Bob Dylan & The Band - The 1974 Live Recordings
Il 3 gennaio 1974 Bob Dylan chiama la Band di Robbie Robertson che già aveva voluto con sé in ”Planet waves”, il nuovo lp in uscita di lì a pochi giorni, e la porta sulla strada per un mese e mezzo, dando vita a quello che sarebbe diventato il più importante evento rock dell’epoca.
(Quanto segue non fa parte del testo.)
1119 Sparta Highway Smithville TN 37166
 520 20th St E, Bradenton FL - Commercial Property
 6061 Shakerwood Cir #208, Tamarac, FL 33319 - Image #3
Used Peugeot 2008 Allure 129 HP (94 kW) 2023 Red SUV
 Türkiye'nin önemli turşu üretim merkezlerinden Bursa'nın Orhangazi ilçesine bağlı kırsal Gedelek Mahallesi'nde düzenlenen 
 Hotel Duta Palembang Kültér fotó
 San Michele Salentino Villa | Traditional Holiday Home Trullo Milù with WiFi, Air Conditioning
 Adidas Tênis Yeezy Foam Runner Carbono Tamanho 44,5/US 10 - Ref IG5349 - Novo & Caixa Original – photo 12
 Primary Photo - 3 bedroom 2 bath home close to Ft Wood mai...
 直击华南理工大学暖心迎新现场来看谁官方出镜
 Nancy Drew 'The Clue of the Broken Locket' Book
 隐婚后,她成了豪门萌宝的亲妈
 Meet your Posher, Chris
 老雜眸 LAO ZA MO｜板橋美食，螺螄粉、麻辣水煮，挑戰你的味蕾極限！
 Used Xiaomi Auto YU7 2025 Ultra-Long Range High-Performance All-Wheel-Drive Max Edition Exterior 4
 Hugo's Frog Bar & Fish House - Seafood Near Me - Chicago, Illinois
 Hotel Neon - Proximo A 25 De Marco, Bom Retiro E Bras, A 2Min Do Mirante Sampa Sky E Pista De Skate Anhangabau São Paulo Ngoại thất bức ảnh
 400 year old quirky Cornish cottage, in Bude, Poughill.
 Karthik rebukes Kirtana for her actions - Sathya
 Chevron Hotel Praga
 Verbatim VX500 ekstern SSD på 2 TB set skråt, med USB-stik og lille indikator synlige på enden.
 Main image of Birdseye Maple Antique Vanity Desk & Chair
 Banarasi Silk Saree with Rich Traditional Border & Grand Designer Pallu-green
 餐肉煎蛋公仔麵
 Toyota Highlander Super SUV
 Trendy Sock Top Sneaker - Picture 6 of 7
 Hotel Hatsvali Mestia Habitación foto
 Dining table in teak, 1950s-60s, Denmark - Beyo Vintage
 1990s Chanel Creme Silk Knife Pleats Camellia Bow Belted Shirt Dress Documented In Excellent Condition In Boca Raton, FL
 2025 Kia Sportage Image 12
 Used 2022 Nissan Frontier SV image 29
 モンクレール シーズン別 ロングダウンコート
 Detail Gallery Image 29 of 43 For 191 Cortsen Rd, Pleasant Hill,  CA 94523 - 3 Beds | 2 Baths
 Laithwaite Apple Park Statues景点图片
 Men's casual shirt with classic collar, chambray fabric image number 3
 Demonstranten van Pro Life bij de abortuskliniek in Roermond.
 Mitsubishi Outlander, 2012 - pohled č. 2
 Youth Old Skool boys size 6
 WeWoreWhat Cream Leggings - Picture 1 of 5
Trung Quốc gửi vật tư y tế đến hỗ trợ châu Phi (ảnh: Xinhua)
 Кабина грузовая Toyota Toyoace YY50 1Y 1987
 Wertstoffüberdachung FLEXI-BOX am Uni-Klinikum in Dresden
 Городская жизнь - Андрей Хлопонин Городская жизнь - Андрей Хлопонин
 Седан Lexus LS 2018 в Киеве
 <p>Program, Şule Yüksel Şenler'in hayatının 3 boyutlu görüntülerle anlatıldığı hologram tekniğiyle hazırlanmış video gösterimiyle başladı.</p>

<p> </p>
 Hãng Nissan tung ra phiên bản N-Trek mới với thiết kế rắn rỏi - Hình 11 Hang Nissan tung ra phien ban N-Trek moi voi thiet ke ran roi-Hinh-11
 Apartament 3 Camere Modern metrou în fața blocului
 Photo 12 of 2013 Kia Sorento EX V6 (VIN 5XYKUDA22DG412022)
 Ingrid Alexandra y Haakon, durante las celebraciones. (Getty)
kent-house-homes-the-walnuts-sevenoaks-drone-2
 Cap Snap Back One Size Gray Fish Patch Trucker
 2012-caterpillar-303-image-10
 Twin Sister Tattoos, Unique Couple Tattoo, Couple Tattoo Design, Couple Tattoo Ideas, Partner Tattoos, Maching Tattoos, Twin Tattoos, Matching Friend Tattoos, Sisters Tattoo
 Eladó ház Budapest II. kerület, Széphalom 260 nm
Questo box di 27 cd documenta quel tour, i cui numeri parlano da soli: 40 concerti in 30 tappe, alcune con due show, uno diurno e l’altro serale, in 21 città americane.
“The 1974 live recordings” contiene 417 tracce live inedite, che ci danno l’opportunità di analizzare, seppur brevemente, la musica del songwriter di Duluth, artefice di canzoni che sono state fonte di ispirazione per molti altri artisti. Brani, quelli del musicista americano, contraddistinti da una certa libertà di articolazione strofica e nei quali, il più delle volte, si riscontra una fusione altissima tra penetrazione poetica e musica: i testi (vettori di nuove modalità di conoscenza, visionari, a tratti surreali, pieni di metafore bibliche e coscienti del Rinascimento americano e dei poeti europei) si uniscono alla melodia per creare profondità [“Parole di disillusione scoppiano come proiettili / Mentre divinità umane prendono la mira per i loro obiettivi / Costruiscono di tutto, da armi giocattolo che scintillano / A Cristi color carne che splendono al buio / È facile da capire senza dover guardare molto lontano / Che non c’è molto di veramente sacro” (It’s Alright, Ma); “Mamma di ferro / Con la carne che ti balla sulle ossa / Devo andare giù al fiume e prendere dei sassi / Tua sorella è sull’autostrada con quella ciurma di guidatori di acciaio / Tuo papà è nella casa grande, i suoi giorni di lavoro sono finiti / Mamma di ferro / Posso soffiarti addosso un po’ di fumo?” (Tough Mama); “Possa Dio benedirti e proteggerti sempre / Possano tutti i tuoi desideri diventare realtà / Possa tu sempre fare qualcosa per gli altri / E lasciare che gli altri facciano qualcosa per te / Possa tu costruire una scala verso le stelle / E salirne ogni gradino / Possa tu restare per sempre giovane / Per sempre giovane per sempre giovane / Possa tu restare per sempre giovane” (Forever Young)]. “Il suo modo di dividere metricamente - ha scritto Gino Castaldo a proposito di Dylan - è stato innovativo, geniale, proprio perché ha reso musicale ciò che sulla carta non lo sembrava affatto”. Nelle sue canzoni, gli elementi in gioco - folk, blues, country, rock - sono ben rifusi e, soprattutto, assolutamente personalizzati; e lo stesso si può dire per quanto attiene al canto: la voce del cantautore statunitense, assai poco regolare e incredibilmente espressiva (e che crea costantemente contromelodie rispetto a quella lineare che viene in qualche maniera resa implicita...), ha dato il via ad una vera e propria rivoluzione riguardo a un modo di cantare, levigato e artificiale, tipico della musica leggera americana precedente gli anni Sessanta.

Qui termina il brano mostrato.